Photos by Trevor Von Hake @trevorvonhake and Sarah Nelson @sarahnelson208
Hello friends. Welcome back to “What’s What on SoundCloud”! The following are some of the noteworthy tracks I’ve been listening to recently and feel that you should be listening to as well.
This week’s artist spotlight: Sam Gellaitry and KAYTRANADA
Sam Gellaitry is an electronic music producer out of Scotland who found his success on Soundcloud thanks in part to the underground music conglomerate, Soulection Radio. With goofy synth leads, quirky jazz chord progressions, and an overarching cinematic feel that invokes a sense of nostalgia, Sam G is one of my favorite artists to date.

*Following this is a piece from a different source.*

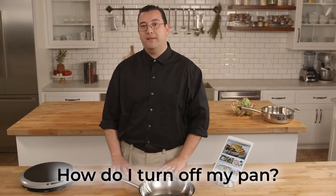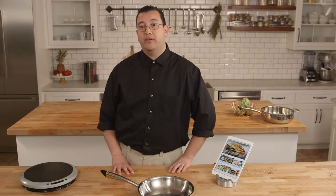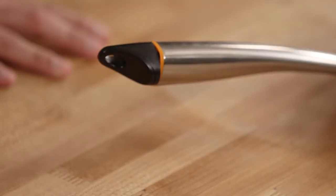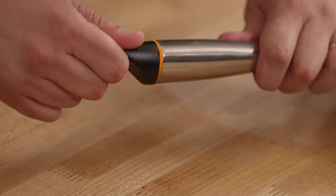I sometimes get asked how you turn off the pan, and I'll show you how to do that right now. The goal there is to save battery. You would just give it a quarter of a turn, and that effectively turns off the pan. To turn it back on, you would just screw it all the way back in.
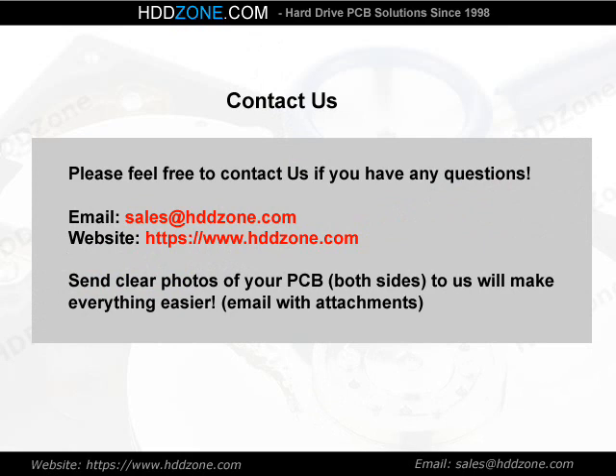Contact us. Please feel free to contact us if you have any questions. Email: sales@HDDzone.com. Website: https://www.hddzone.com. Sending clear photos of your PCB — both sides — to us will make everything easier. Email with attachments.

After he tweeted “gonna release all this stuff I’ve been sitting on in the next couple of days” last week, I knew we were in for a treat.
If you listen to only one song from this blog post, “want u 2” should be the one. The instrumentation on this track is incredibly well executed. Gellaitry knows how to create compelling syncopated melodies that leave you with no option but to nod along with the beat in satisfaction. Whether you’re at a huge party or listening on your own in your room, this groovy track is sure to please your ears and your soul.
“Pyrotechnic” is a little more quirky. Sam is super liberal with the chops, creating a sense of anticipation as you wait for the beat to come back in after it cuts out. He slaps this track in the face with his distinct eccentric style. If you haven’t given Gellaitry’s discography a listen, I highly recommend it.
To conclude this week’s discovery, I’m throwing it back to 2014. “At All” is, without a doubt, my favorite Kaytranada track of all time. This funk-house banger is the perfect thing to listen to on a late night drive around town, or really any time you just want to dance. Kaytranada’s distinct bass lines and combination of bump and groove give this track the perfect balance between the funk of yesterday and the house music of today.